To facilitate application of the CMV approach, we have developed a perl script, which can be downloaded from (www.vipbg.vcu.edu/~sarahme/WriteMx). This script can be used with either family or individual data. It reads standard Merlin .ped and .dat files, and writes a data file and customized scripts for running the analysis in Mx (which can be freely downloaded for a range of operating systems http://www.vcu.edu/mx/). Mx allows full user specification; as such the approach described here can easily be extended to allow for analysis of multiple factors, and scripts showing this extension can be downloaded from (www.vipbg.vcu.edu/~sarahme/WriteMx). In addition, the method can be extended to accommodate data from different types of relatives (parents, grandparents etc).

The current implementation within Mx has some limitations. It is not presently possible to impute missing genotypes within the CMV approach, and at present individuals with missing genotypes will be excluded from the analysis. However, pre-imputed genotypes can easily be analyzed within Mx, and information regarding the precision of imputation can be incorporated through the use of mixture modeling. In addition, Mx can analyze either continuous or ordinal (binary and/or polychotomous) data. However, there is no straightforward general approach to the joint analysis of binary and continuous variables in the current version of Mx, although it is practical to do this when the number of patterns of missing continuous variables is small. An R-language Open Source version of the software, currently under development, will implement this functionality directly. In the meantime, one solution to this problem is to transform continuous variables to ordinal, using deciles and conduct a multivariate ordinal analysis.

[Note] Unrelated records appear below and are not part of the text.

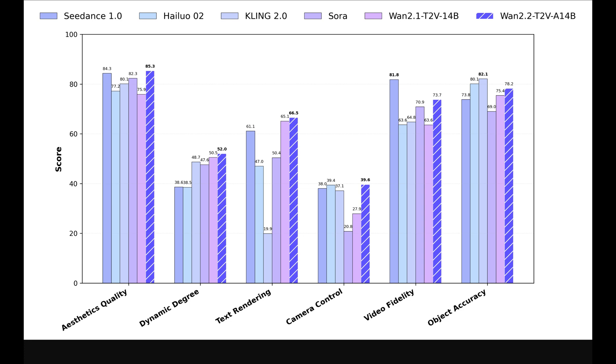Benchmarks report WAN 2.2 beating closed models, including Kling and Sora, across aesthetics, text, control, fidelity and accuracy.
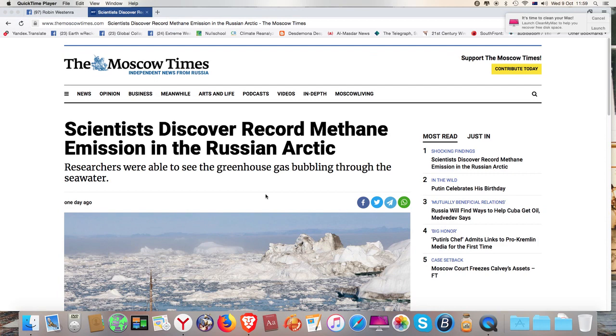This is not the day for me to be trying to record a video because this is the very information that I suspect that the authorities don't want to get out. But when I checked, this appeared when I woke up on the Moscow Times.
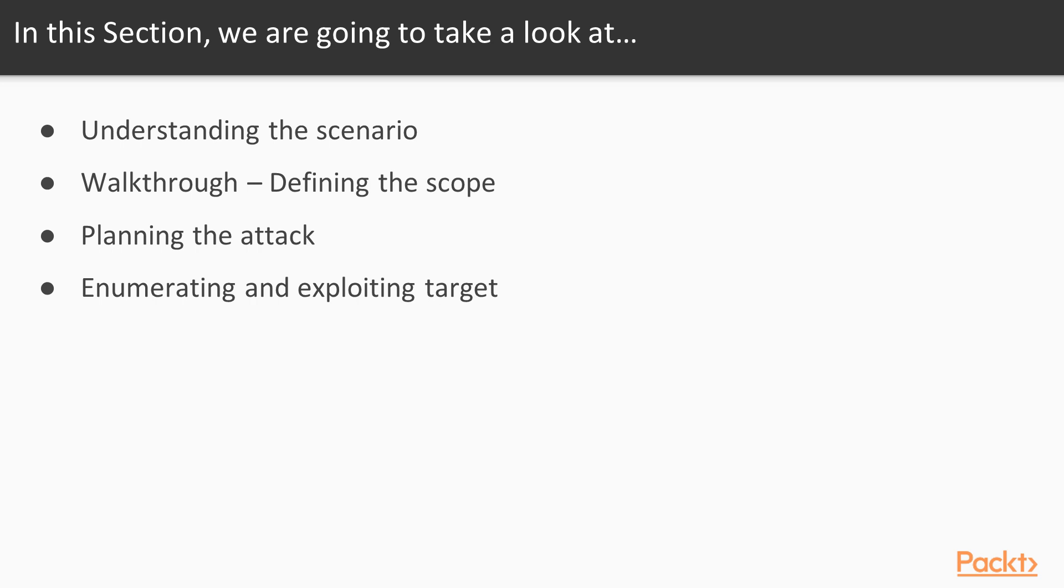This section we will learn about understanding the scenario, walk through or defining the scope, planning the attack and then enumerating and exploiting the target.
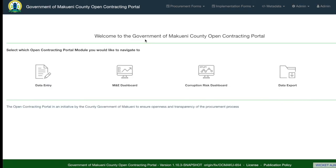We have come to the end of our training. You will now be able to log in, view data for your own department and other departments, add or update data, and have an understanding of the different form statuses — draft, submitted, and approved. Lastly, you can now export the data. Thank you for listening.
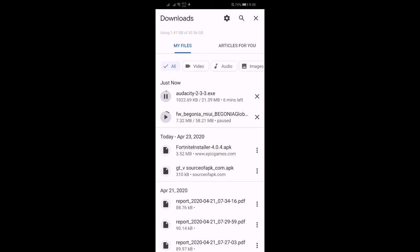So if you want to download, this link will be in the description. Check the link, that's all.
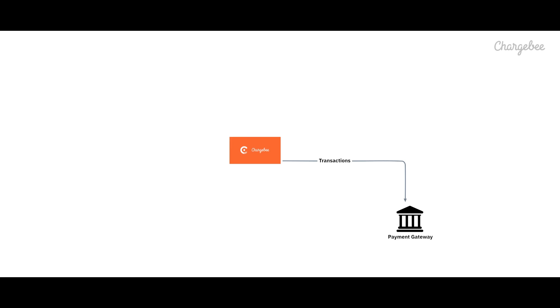Forget spending hours manually compiling and calculating taxes. Breeze through tax collection using our tax module or by integrating with leading tax management systems.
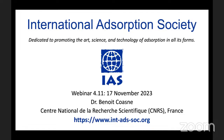Welcome to the 11th presentation in the fourth webinar series presented by the International Adsorption Society. The IAS is an international organization dedicated to advancing adsorption as a solution to scientific, engineering, and human welfare challenges through the promotion of adsorption research and education.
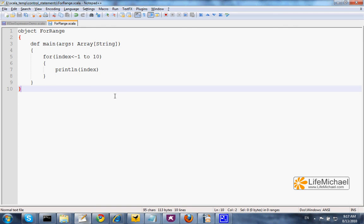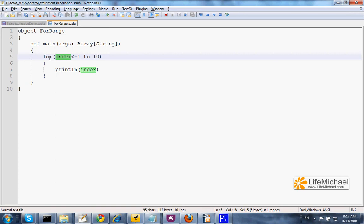When using the for loop, we can specify the range of values we want our index to go through. In this code sample, when this loop starts, index is assigned with the value 1. Then, each iteration, the value of index is increased by 1, till it reaches 10.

To summarize, this article has three main contributions. First, it introduces an integrated model for allelic association, which permits testing for association to either a common factor or to a set of variable-specific components. The approach improves the explanatory power of analysis, analogous to that derived from using pathway-based association approaches to complement traditional single SNP analysis.22 Second, it presents freely available software that facilitates the use of the combined association approach by producing scripts and data for Mx analysis from Merlin format ped and dat files. Third, it illustrates the approach using substance use data from the Add Health study. We encourage researchers to look beyond diagnosis or SS analyses when working with complex traits in the hope that doing so will lead to the identification of novel susceptibility genes and a deeper understanding of the ways in which identified variants influence behavior and complex traits.